Measures of variability are numbers that describe how much variation or diversity
there is in a distribution.

Four measures of variability are the range (the difference between the larges and
smallest observations), the interquartile range (the difference between the 75th and
25th percentiles) the variance and the standard deviation.

The variance and standard deviation are two closely related measures of variability
for interval/ratio-level variables that increase or decrease depending on how closely
the observations are clustered around the mean.
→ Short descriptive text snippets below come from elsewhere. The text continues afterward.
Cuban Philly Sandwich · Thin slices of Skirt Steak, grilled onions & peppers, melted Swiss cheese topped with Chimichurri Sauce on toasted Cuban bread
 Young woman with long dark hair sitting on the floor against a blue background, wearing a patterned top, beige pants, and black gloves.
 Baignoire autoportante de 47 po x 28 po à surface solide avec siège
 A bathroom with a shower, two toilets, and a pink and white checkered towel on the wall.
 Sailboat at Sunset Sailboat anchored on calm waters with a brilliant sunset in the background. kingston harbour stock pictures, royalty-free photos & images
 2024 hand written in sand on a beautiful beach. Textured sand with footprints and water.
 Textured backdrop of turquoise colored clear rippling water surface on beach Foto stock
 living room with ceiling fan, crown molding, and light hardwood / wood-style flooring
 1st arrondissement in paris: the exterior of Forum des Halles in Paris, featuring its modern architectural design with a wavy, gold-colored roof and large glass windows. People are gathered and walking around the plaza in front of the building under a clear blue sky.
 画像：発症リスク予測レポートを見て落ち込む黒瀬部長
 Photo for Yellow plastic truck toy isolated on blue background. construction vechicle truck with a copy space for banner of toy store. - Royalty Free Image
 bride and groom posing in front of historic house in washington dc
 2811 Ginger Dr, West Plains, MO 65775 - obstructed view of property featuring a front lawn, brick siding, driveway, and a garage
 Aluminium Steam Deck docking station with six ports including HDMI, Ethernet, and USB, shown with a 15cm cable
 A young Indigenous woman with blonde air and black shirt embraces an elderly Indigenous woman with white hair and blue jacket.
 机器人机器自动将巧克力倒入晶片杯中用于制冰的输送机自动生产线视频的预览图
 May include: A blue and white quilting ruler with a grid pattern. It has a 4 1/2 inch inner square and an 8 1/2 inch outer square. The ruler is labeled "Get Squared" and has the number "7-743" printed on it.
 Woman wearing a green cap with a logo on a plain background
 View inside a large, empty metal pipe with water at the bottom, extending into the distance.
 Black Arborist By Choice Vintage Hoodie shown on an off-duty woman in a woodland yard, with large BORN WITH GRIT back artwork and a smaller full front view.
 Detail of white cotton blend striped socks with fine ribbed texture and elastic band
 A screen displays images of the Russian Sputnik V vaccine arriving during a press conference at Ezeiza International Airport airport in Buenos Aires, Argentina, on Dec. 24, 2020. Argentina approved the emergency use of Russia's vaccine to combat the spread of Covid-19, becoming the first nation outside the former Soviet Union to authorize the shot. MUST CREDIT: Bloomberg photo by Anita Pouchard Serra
## Measures of Central Tendency and Variability in SPSS

To have SPSS calculate measures of central tendency and variability for you, click
"Analyze," "Descriptive Statistics," then "Frequencies." Measures of central tendency and
variability can also be calculated by clicking on either "Descriptives" or "Explore," but
"Frequencies" gives you more control and has the most helpful options to choose from. The
dialog box that opens should be pretty familiar to you by now. As you did when calculating
frequency tables, move the variables for which you would like to calculate measures of
central tendency and variability into the right side of the box. You can uncheck the box
marked "Display frequency tables" if you'd rather not see any tables and would prefer to see
only the statistics. Then click the button on the right labeled "Statistics." From the Dialog box
that opens you may select as many statistics as you would like (Note: SPSS uses the term
"Dispersion" rather than "Variability," but the two words are synonymous). Also, please be
aware that SPSS will calculate statistics for any variable regardless of level of
measurement. It will, for example, calculate a mean for race or gender even though that
makes no sense whatsoever. Male + male + female/3 = 0.66? Totally illogical. This is one of
the many circumstances in which you will have to be smarter than the data analysis
package you are using. Just because SPSS will let you do something doesn't necessarily
mean it's a good idea.
When calculating measures of variability, it is sometimes helpful to include a box plot. To do
so, click on "Graphs," then "Legacy Dialogs" and select "Box Plot." As was the case with the
graphs you created in the previous chapter, you'll have several options from which to
choose. Generally speaking, you'll want one boxplot for each variable, so choose
"Summaries of Separate Variables." Move the variables that you would like to see displayed
as box plots to the empty box on the right and click OK. Should you desire to edit your
boxplots, you can do so in much the same way you did the graphs in Chapter 2.